[RECORDS SUPPLIED — start]

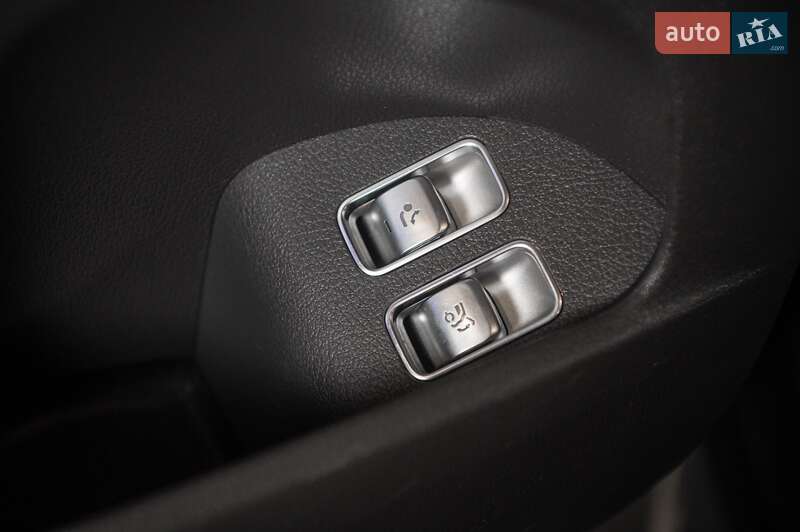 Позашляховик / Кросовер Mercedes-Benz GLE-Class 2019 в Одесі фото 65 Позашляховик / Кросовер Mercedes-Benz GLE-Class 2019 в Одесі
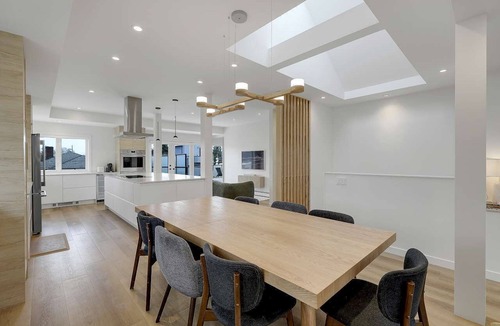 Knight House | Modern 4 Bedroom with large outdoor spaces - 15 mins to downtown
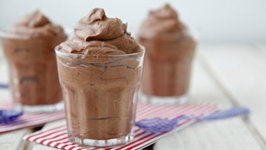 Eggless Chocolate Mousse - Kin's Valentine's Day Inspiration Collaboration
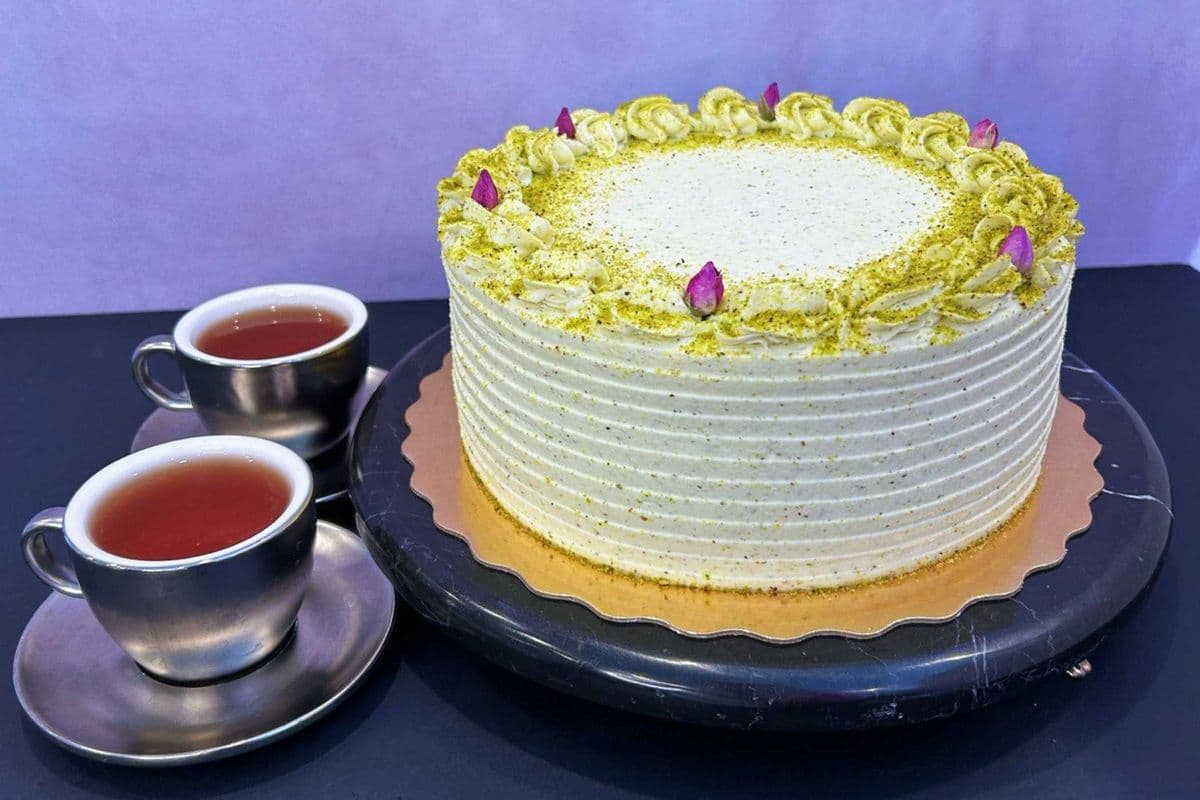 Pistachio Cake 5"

[RECORDS SUPPLIED — finish]
[RECORDS SUPPLIED — start]

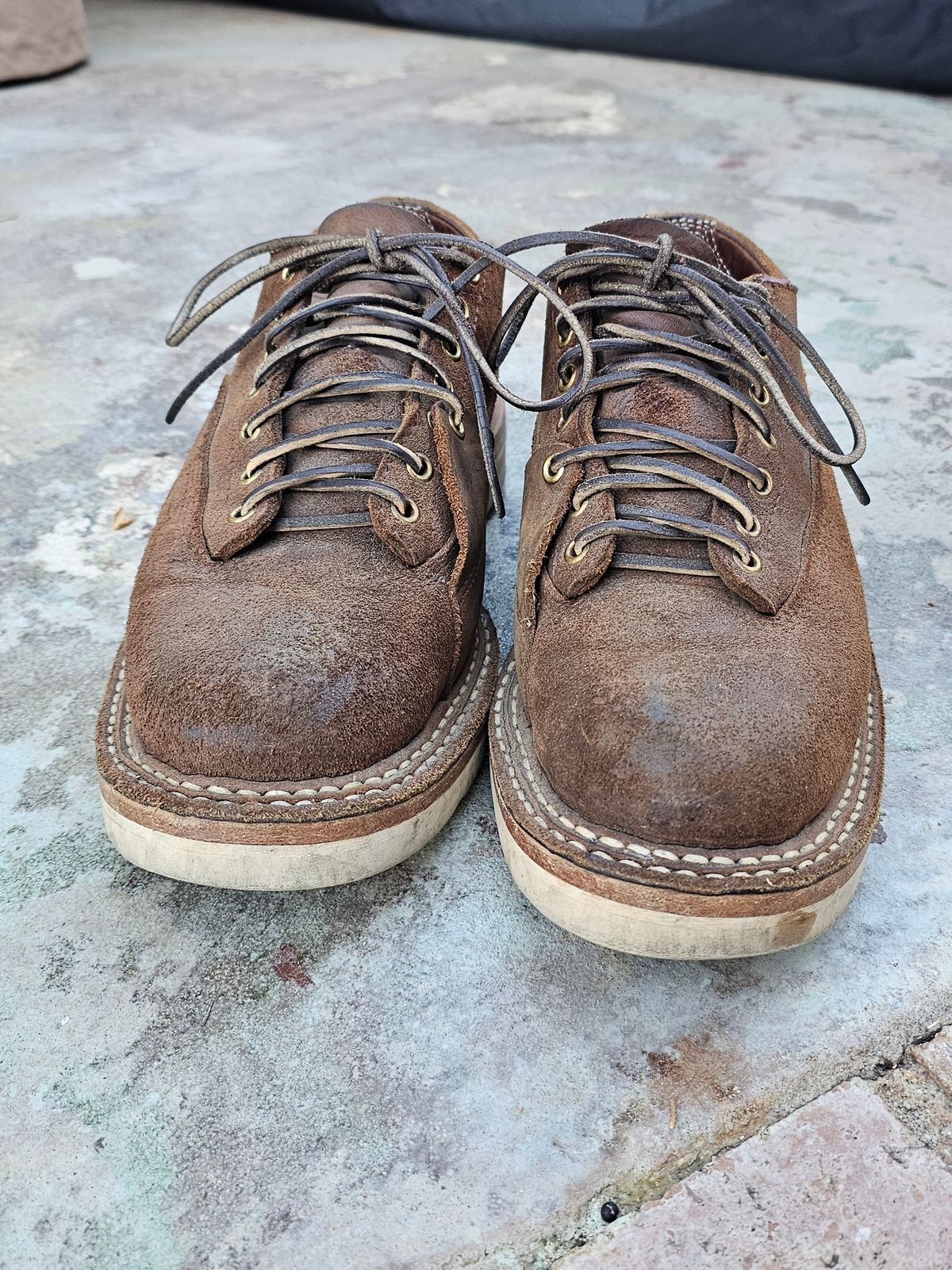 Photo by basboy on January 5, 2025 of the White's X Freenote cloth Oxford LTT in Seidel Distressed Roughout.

[RECORDS SUPPLIED — finish]
[RECORDS SUPPLIED — start]

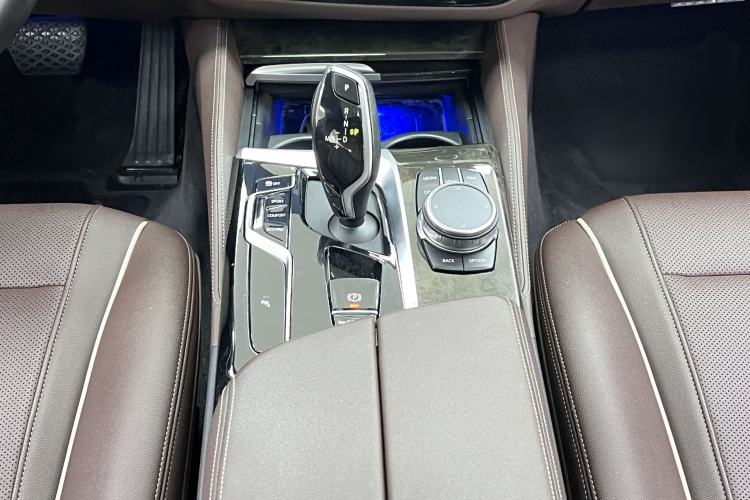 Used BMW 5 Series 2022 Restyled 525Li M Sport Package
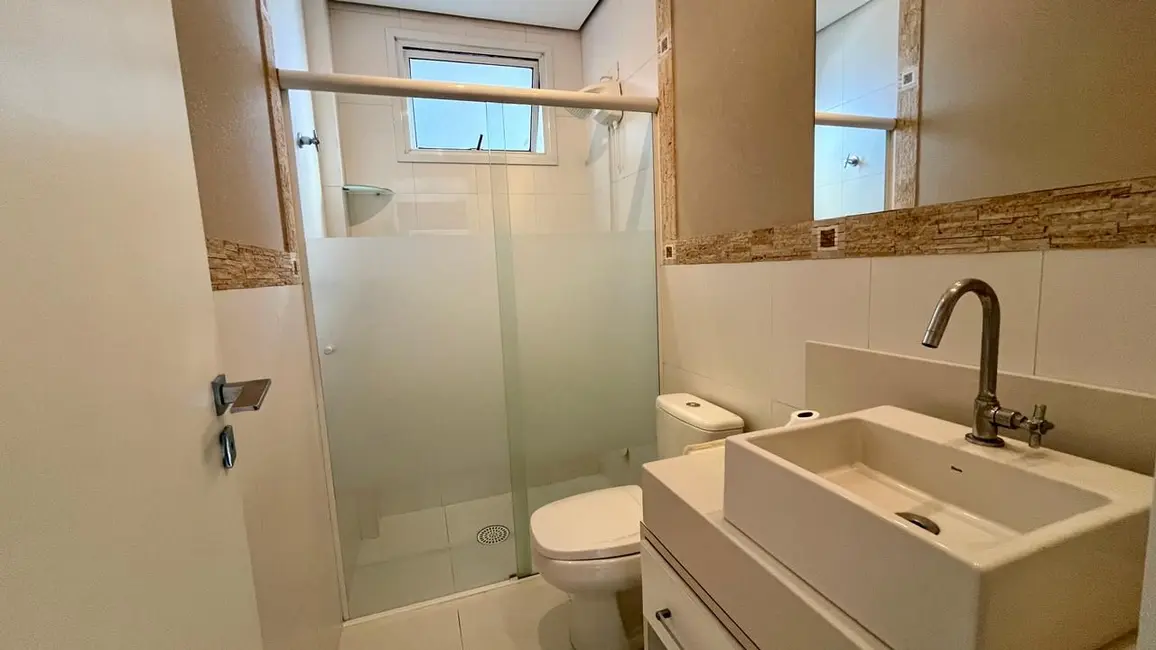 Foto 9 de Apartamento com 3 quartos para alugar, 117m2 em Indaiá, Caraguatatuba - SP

[RECORDS SUPPLIED — finish]

◆ WHAT IS EXPECTED
From the records above, copy exactly the stretch from the line holding "в Одесі фото" through the line holding "Knight House |", both ends included, without the pictures.

◆ SOLUTION
 Позашляховик / Кросовер Mercedes-Benz GLE-Class 2019 в Одесі фото 65 Позашляховик / Кросовер Mercedes-Benz GLE-Class 2019 в Одесі
 Knight House | Modern 4 Bedroom with large outdoor spaces - 15 mins to downtown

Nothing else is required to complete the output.